Gli scrissi un messaggio ‘A diciotto anni potrò darti un bacio?’ Poi, arrivata ai 18, ero già da un’altra parte, innamorata della professoressa di matematica“. Libera. Se, a fatica, dovessimo scegliere un solo aggettivo per descrivere Madame potremmo dire “libera”.

Ma una vera libertà, di quelle che te le devi sudare, come ha dichiarato lei stessa: “Quando andavo alle medie non mi lavavo, a scuola mi prendevano in giro. Una volta sono svenuta e i miei compagni mi hanno calpestata. Mi calpestavano per capire se fingessi”, ha dichiarato. E ancora: “Questo dolore mi ha reso debolissima e libera.

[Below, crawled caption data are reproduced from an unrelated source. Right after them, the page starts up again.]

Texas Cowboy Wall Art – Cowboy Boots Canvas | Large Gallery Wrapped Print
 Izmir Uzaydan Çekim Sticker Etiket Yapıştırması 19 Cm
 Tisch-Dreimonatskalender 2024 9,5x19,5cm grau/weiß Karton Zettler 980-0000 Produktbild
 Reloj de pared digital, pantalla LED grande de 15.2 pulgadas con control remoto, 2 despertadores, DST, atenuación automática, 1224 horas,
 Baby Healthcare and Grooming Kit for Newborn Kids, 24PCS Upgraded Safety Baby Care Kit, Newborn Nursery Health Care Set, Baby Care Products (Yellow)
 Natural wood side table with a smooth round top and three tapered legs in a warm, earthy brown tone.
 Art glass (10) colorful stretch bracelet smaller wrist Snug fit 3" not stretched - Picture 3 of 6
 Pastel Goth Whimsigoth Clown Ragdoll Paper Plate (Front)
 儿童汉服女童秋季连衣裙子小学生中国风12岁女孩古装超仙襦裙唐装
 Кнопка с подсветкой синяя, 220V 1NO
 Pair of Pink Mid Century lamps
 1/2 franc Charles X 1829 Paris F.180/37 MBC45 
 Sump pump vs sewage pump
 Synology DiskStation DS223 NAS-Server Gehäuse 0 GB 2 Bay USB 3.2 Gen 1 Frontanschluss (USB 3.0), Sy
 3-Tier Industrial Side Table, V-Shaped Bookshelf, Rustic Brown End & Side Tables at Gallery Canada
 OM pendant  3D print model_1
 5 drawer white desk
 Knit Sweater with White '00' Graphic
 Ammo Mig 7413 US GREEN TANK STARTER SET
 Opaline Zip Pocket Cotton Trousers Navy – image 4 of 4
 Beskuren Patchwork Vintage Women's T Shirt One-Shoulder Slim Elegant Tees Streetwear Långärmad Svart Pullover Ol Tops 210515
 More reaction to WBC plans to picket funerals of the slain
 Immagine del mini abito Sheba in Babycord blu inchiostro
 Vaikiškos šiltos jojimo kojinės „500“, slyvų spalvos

Anche di innamorarmi: maschio, femmina, giovane, vecchio“. Poi è arrivata la scrittura, i primi testi, la musica: “Ho cominciato a scrivere cose mie, sentite, quando ho conosciuto la professoressa di matematica. Ho iniziato in camera mia, a 13 anni sapevo a memoria tutte le canzoni di Fedez e Emis Killa. ‘Bimbo’ è la mia prima vera canzone”.

“Non ho mai avuto problemi maschio, femmina, semplicemente le donne etero sono più difficili da raggiungere e quello era il mio scopo. Certe mattine mi sveglio più maschio, altre più femmina. Riesco a pensare come un maschio, per esempio Clito, l’ho scritta da maschio”, ha proseguito Madame. Innamorarsi dell’impossibile, cosa che non le riesce più:

“Penso: ti ho già raggiunto. Il problema ora è che raggiungo tutto troppo facilmente. L’amore corrisposto non esiste“. E con la professoressa di matematica allora com’è andata a finire? “Una volta chiedo alla bidella di consegnarle in classe un CD, con tanto di lettera. Ma lei non capisce che sono io. Poi lei va in pensione, io vengo bocciata. Dovevo dimenticarla.”